Naranjito 2021. 2. 25. 17:53
  • Levenshtein distance

 

- One of edit distance based algorithms which is falling under this category try to compute the number of operations needed to transforms one string to another. More the number of operations, less is the similarity between the two strings. One point to note, in this case, every index character of the string is given equal importance.

- A number that tells you how different two strings are. The higher the number, the more different the two strings are.

- And 'edit' is defined by either an insertion of a character, a deletion of a character, or a replacement of a character.

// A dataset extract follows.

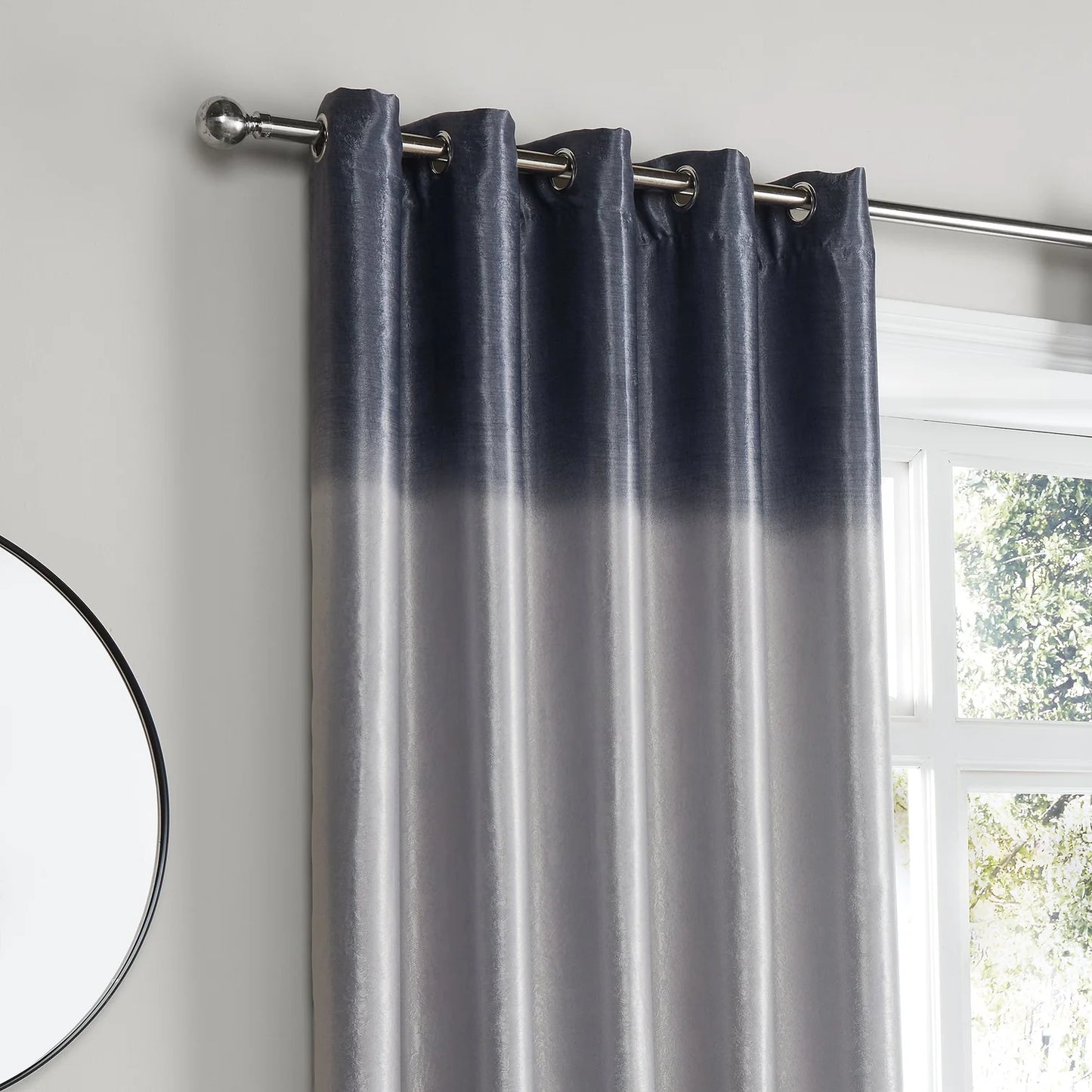 Ombre Strata Eyelet Curtains by Fusion in Grey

- It measures the minimum number of edits that you need to do to change a one-word sequence into the other.

Reference : medium.com/@ethannam/understanding-the-levenshtein-distance-equation-for-beginners-c4285a5604f0

 

What?

 

  • User-defined function
import numpy as np
def levenshtein_ratio_and_distance(s,t,ratio_calc=False):
  rows=len(s)+1
  cols=len(t)+1
  distance=np.zeros((rows,cols), dtype=int)

  for i in range(1,rows):
    for k in range(1,cols):
      distance[i][0]=i
      distance[0][k]=k

  for col in range(1, cols):
    for row in range(1, rows):
      if s[row-1]==t[col-1]:
        cost=0
      else:
        if ratio_calc==True:
          cost=2
        else:
          cost=1
      distance[row][col]=min(distance[row-1][col]+1,
                           distance[row][col-1]+1,
                           distance[row-1][col-1]+cost)
    
  if ratio_calc==True:
    Ratio=((len(s)+len(t))-distance[row][col])/(len(s)+len(t))
    return Ratio
  else:
    return 'The strings are {} edits away'.format(distance[row][col])    
s1='Apple.'
s2='apple'
Distance=levenshtein_ratio_and_distance(s1,s2)
print(Distance)

Ratio=levenshtein_ratio_and_distance(s1,s2,ratio_calc=True)
Ratio

>>>The strings are 2 edits away
>>>0.7272727272727273

s1='Apple.'
s2='apple'
Distance=levenshtein_ratio_and_distance(s1.lower(),s2.lower())
print(Distance)

Ratio=levenshtein_ratio_and_distance(s1.lower(),s2.lower(),ratio_calc=True)
Ratio

>>>The strings are 1 edits away
>>>0.9090909090909091

The first function found the 2 differences between the two strings.  These were the upper/lower case and full stop at the end of the first string as well as a similarity ratio of 72%, which is pretty high.

 

The second function that the distance has been reduced by 1 simply by turning the strings to lower case before comparing and the similarity ratio to 90%. 

 

  • Python Levenshtein package
!pip install Levenshtein
import Levenshtein as lev

s1='APPLE.'
s2='apple'
Distance=lev.distance(s1.lower(),s2.lower())
print(Distance)
Ratio=lev.ratio(s1.lower(),s2.lower())
print(Ratio)

>>>1
>>>0.9090909090909091

In the user-defined function above, when the similarity ratio is calculated, the cost of a substitution is 2 instead of 1. That is because lev.ratio() assigns such a cost for a substitution.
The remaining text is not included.